Feel free to use this on your own site and start blocking bots too.
(the top part is left out)<Files .htaccess>
deny from all
</Files>
RewriteEngine on
RewriteBase /
RewriteCond %{HTTP_USER_AGENT} ^EmailSiphon [OR]
RewriteCond %{HTTP_USER_AGENT} ^EmailWolf [OR]
RewriteCond %{HTTP_USER_AGENT} ^ExtractorPro [OR]
RewriteCond %{HTTP_USER_AGENT} ^Mozilla.*NEWT [OR]
RewriteCond %{HTTP_USER_AGENT} ^Crescent [OR]

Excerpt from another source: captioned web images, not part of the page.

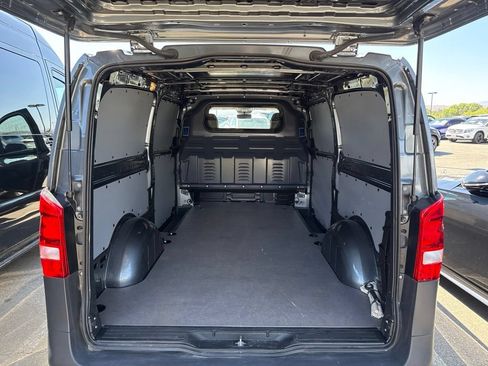 Used 2022 Mercedes-Benz Metris image 8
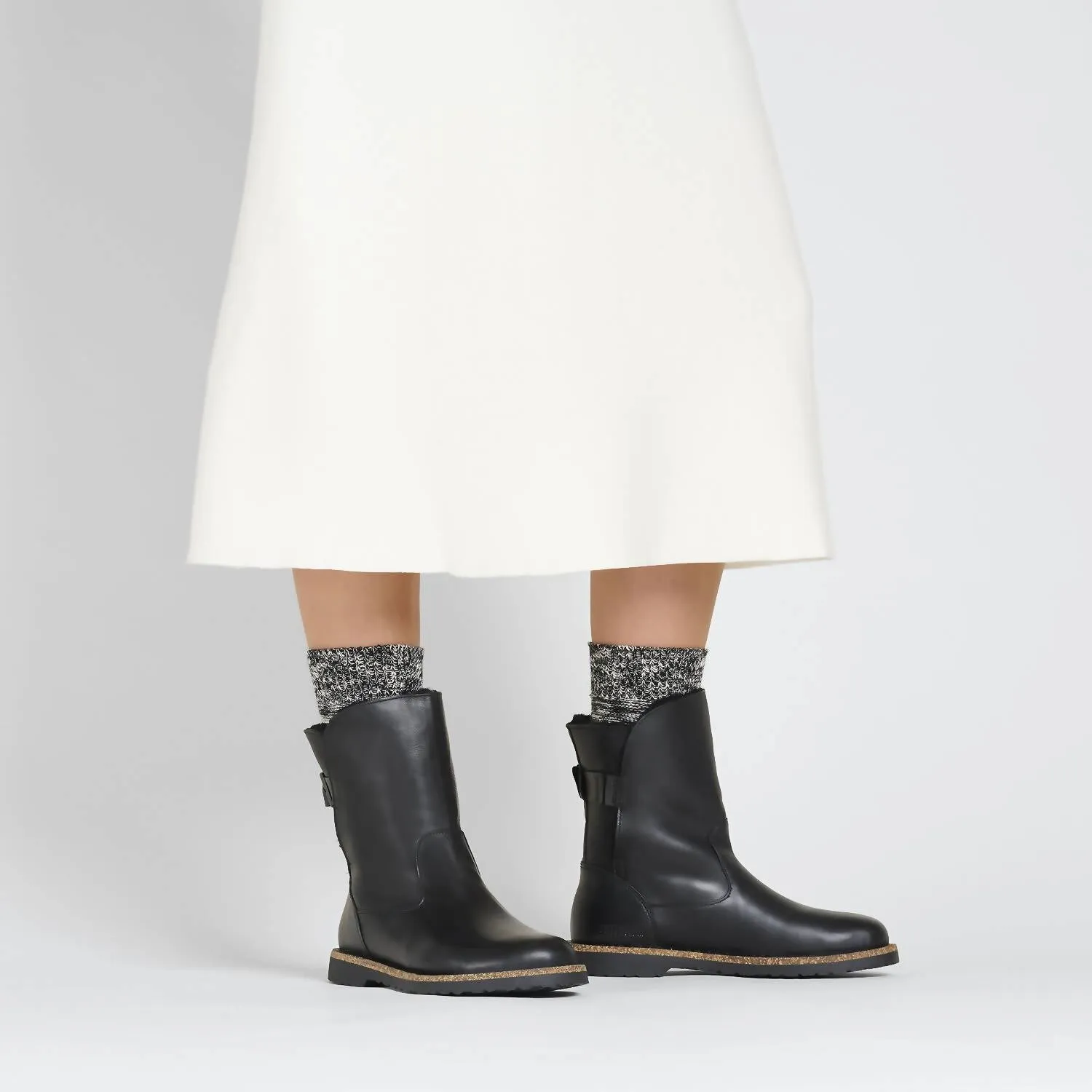 Women's Uppsala Shearling Boot In Black Leather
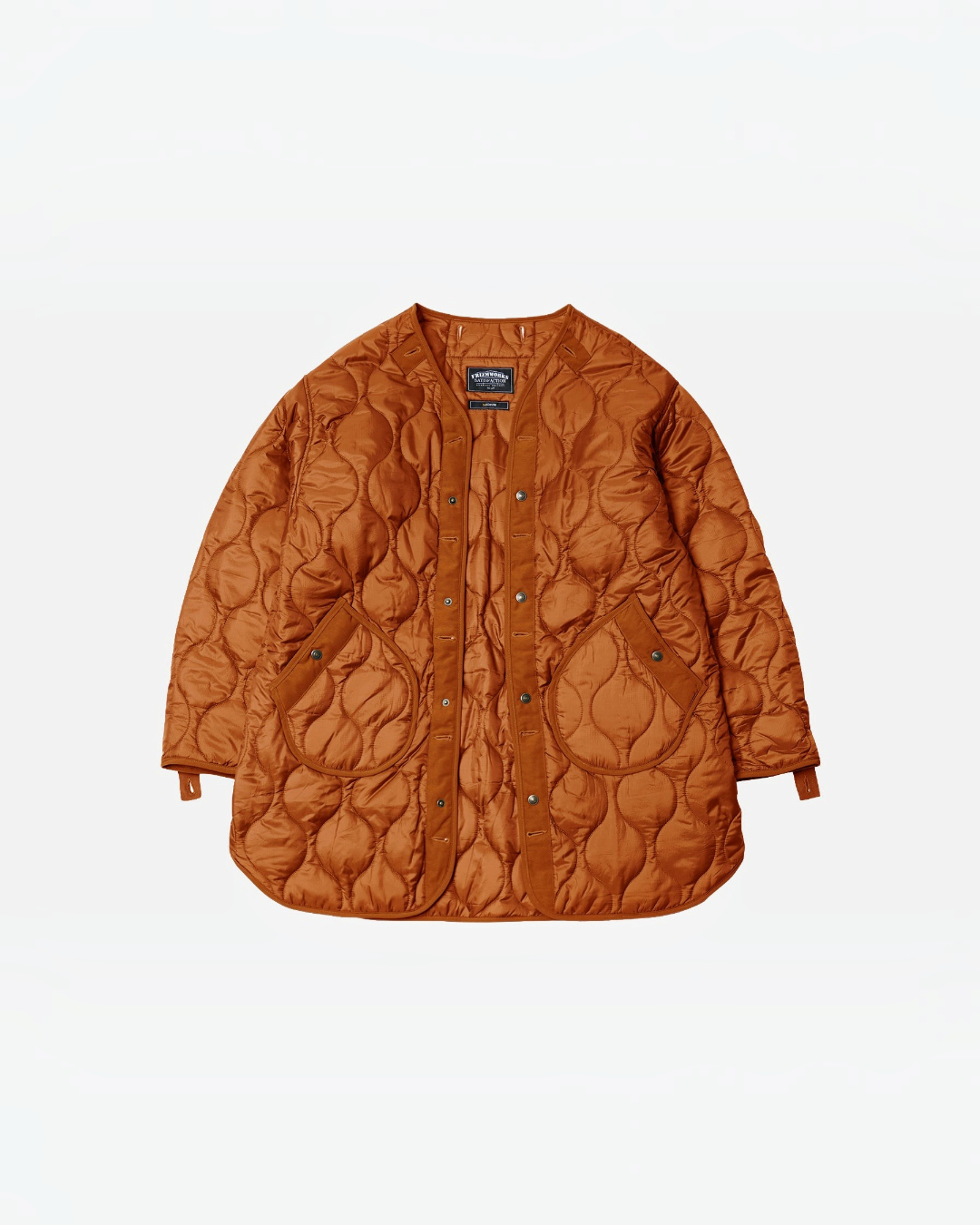 Doublure amovible matelassée marron Frizmworks pour parka M1965 avec fermeture à boutons-pression chez Merci Paris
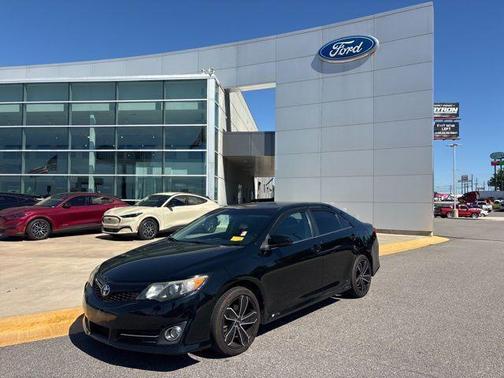 Attitude Black Metallic 2013 Toyota Camry SE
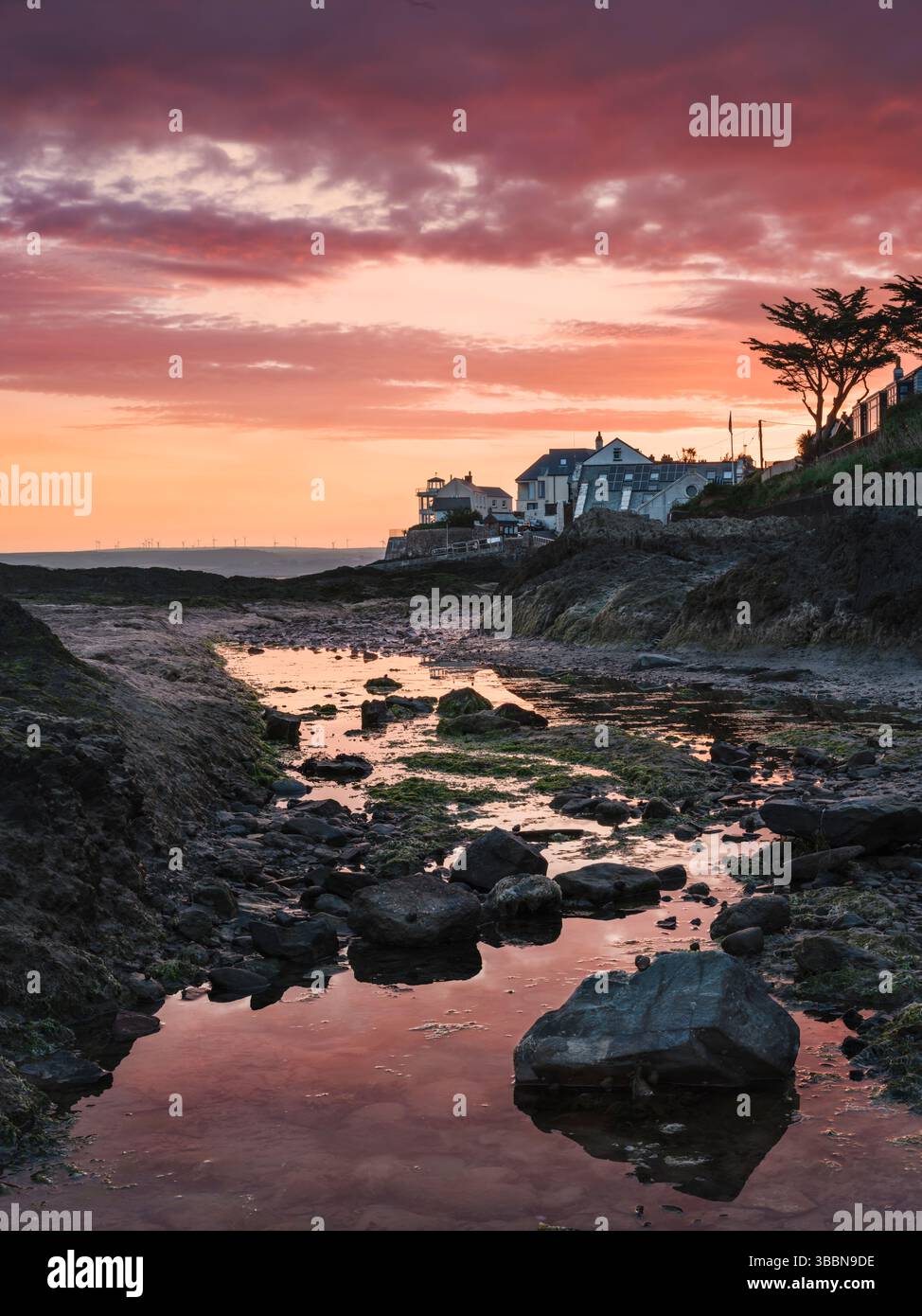 Appledore, North Devon - il South West Coast Path che conduce verso la stazione Appledore RNLI all'alba di maggio mentre la marea si insinua lentamente. Foto Stock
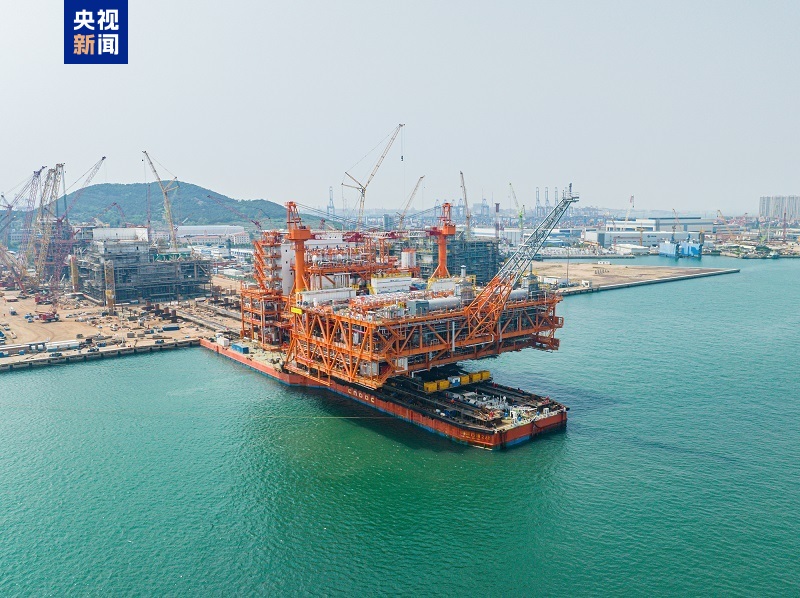 实现多项首创技术我国渤海最大海上油气平台完工起运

RewriteCond %{HTTP_USER_AGENT} ^CherryPicker [OR]
RewriteCond %{HTTP_USER_AGENT} ^[Ww]eb[Bb]andit [OR]
RewriteCond %{HTTP_USER_AGENT} ^WebEMailExtrac.* [OR]
RewriteCond %{HTTP_USER_AGENT} ^NICErsPRO [OR]
RewriteCond %{HTTP_USER_AGENT} ^Teleport [OR]
RewriteCond %{HTTP_USER_AGENT} ^Zeus.*Webster [OR]
RewriteCond %{HTTP_USER_AGENT} ^Microsoft.URL [OR]
RewriteCond %{HTTP_USER_AGENT} ^Wget [OR]
RewriteCond %{HTTP_USER_AGENT} ^LinkWalker [OR]
RewriteCond %{HTTP_USER_AGENT} ^sitecheck.internetseer.com [OR]
RewriteCond %{HTTP_USER_AGENT} ^ia_archiver [OR]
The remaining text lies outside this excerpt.